The first of these articles was published in the June 25 issue, before Karl had said farewell to Switzerland, and it was obviously printed without Maeser’s review; it was signed “Carl G. Measer.” It directed the reader to the ancient nation of Sparta and the government of Lycurgus. Spartan youth were taught to respect their elders and were not permitted to sit in the presence of an elderly person without permission. Maeser told the story of an old man entering the stadium of the Olympics after thousands were already seated “when five hundred Spartan youths arose simultaneously offering him their seats.” Maeser then posed a question: should the children of Desere “under the guidance of the Priesthood of the Almighty . . . be surpassed even in this thing by the children of Sparta?”[29]

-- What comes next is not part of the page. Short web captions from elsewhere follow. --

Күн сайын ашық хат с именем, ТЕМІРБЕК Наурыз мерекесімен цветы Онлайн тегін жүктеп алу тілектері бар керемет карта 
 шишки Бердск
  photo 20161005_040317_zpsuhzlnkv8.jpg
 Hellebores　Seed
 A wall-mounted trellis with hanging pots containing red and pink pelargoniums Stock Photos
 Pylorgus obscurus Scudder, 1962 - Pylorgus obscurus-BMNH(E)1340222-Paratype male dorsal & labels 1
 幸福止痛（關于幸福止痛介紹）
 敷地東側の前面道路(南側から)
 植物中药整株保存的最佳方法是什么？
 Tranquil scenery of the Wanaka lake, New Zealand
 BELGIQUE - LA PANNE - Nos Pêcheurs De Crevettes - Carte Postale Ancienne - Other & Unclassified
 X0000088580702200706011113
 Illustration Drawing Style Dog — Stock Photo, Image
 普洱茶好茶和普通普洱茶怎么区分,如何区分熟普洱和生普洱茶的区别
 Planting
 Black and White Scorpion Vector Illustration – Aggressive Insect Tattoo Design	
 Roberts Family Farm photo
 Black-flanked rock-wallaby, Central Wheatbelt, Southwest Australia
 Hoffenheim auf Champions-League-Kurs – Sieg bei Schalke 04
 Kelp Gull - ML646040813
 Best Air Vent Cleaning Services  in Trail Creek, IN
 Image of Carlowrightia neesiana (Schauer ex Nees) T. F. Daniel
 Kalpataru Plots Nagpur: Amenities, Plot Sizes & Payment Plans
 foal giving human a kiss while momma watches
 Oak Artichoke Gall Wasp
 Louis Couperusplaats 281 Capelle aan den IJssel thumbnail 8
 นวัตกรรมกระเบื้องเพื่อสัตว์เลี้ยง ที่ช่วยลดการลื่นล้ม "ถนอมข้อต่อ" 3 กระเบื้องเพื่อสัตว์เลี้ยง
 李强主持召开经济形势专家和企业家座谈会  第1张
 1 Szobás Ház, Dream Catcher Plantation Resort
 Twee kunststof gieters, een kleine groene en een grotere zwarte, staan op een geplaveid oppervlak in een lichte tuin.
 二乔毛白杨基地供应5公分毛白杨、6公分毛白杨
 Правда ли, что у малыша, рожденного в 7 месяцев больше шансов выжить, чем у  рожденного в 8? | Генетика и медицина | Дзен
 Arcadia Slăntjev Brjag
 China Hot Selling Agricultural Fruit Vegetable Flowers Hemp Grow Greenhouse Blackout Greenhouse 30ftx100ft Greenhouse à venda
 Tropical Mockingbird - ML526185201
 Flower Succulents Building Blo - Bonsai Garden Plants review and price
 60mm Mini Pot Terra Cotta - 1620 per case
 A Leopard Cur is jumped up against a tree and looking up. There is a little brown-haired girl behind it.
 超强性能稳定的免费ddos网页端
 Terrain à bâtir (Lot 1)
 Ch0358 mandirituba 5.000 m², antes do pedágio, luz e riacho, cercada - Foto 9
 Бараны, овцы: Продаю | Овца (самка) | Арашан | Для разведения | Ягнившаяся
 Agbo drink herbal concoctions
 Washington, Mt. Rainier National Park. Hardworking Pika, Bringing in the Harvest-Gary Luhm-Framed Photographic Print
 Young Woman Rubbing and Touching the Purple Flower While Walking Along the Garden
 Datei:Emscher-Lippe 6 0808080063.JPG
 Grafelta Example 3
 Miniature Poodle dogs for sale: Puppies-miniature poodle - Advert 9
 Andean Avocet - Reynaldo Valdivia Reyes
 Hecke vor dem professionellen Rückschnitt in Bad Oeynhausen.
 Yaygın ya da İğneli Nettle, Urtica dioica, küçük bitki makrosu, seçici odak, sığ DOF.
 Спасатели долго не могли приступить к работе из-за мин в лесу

While Maeser was making arrangements for his return from Liverpool with the Swiss converts to New York, his next article appeared in the July 9 issue of the Juvenile Instructor. Liverpool was known for its pickpockets, so it was no accident that Maeser’s article looked at the admirable honesty of the Turkish Muslims.[30] An English gentleman was deeply concerned because his Turkish friend had left no guards to protect his treasures from thieves during the night. “Upon this the Turk smiled and answered. ‘My dear sir, be perfectly at your ease about these goods, nobody will steal them, for there is no Christian for forty miles around here.’” Maeser then reflected on the days in Salt Lake when we “did not need lock or key on our doors when we were leaving the house.” He asked, “Should we, Latter-day Saints that we are, suffer ourselves to be excelled by those Mohammedans in such a simple and easy principle?”[31]

Other stories followed while Maeser was crossing the ocean on the Manhattan with a load of emigrants and crossing the plains by train. He noted the great literacy rates among the Icelanders in spite of their long and dark winters.[32] Then he took his readers to early Greece to admire the perseverance and dedication of Demosthenes, who overcame severe speech impediments and obnoxious habits to become one of the greatest orators of all time.[33] Then he took his readers to observe the deep sense of honor displayed by the Magyar noblemen of Hungary.[34]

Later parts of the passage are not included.